Robert J. Baird is an independent scholar writing in the areas of religion and culture. His book, Inventing Religion in the Western Imaginary (Princeton University Press, forthcoming), analyzes the cultural forces behind the construction of the modern category of “religion.” He is currently president of the National Faculty of Humanities, Arts, and Sciences in Atlanta.
Janet R. Jakobsen is the director of the Center for Research on Women at Barnard College. She is the author of Working Alliances and the Politics of Difference: Diversity and Feminist Ethics (Indiana University Press, 1998). She is coauthor, with Ann Pellegrini, of Love the Sin: Sexual Regulation and the Limits of Religious Tolerance (New York University Press, forthcoming). Her current book project is titled “The Value of Freedom: Sex, Religion, and America in a Global Economy.”
Aamir R. Mufti teaches English and comparative literature at the University of California, Los Angeles. He is the coeditor of Dangerous Liaisons: Gender, Nation, and Postcolonial Perspectives (University of Minnesota Press, 1997) and the author of Enlightenment in the Colony: The Jewish Question and Dilemmas in Postcolonial Culture (Princeton University Press, forthcoming).
Afsaneh Najmabadi is a professor of women’s studies at Barnard College. Her book, The Story of Daughters of Quchan: Gender and National Memory in Iranian History, is forthcoming from Syracuse University Press. She also writes on contemporary issues of feminism in Iran and is currently working on a book-length manuscript titled “Male Lions and Female Suns: The Gendered Tropes of Iranian Modernity.”
Geeta Patel is an assistant professor of women’s studies at Wellesley College. Her book, Lyrical Movements, Historical Hauntings: Gender, Colonialism, and Desire in Miraji’s Urdu Poetry (Stanford University Press, forthcoming), focuses on a renegade writer, Miraji, and reads gender and sexuality in twentieth-century Urdu poetic movements.
Ann Pellegrini is an associate professor of women’s studies at Barnard College. She is the author of Performance Anxieties: [End Page i] Staging Psychoanalysis, Staging Race (Routledge, 1997) and coauthor, with Janet R. Jakobsen, of Love the Sin: Sexual Regulation and the Limits of Religious Tolerance (New York University Press, forthcoming). She is currently completing a new project on narcissism and national belonging, tentatively titled “Excess.”

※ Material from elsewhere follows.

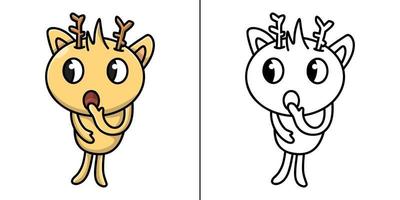 Deer Cartoon Icon Cartoon. Reindeer Symbol Vector Kids Coloring Book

Ranu Samantrai is an assistant professor of cultural studies at Claremont Graduate University. She is the author of a study on black British feminism, AlterNatives: Feminism in Postimperial England (forthcoming).
Banu Subramaniam is an assistant research professor in the departments of women’s studies and ecology and evolutionary biology at the University of Arizona. She is coeditor of A New Generation of Feminist Science Studies (Routledge, forthcoming). She works on the intersections of gender, race, and science and has published articles in journals such as Feminist Teacher, Feminist Studies, and Women’s Studies Quarterly.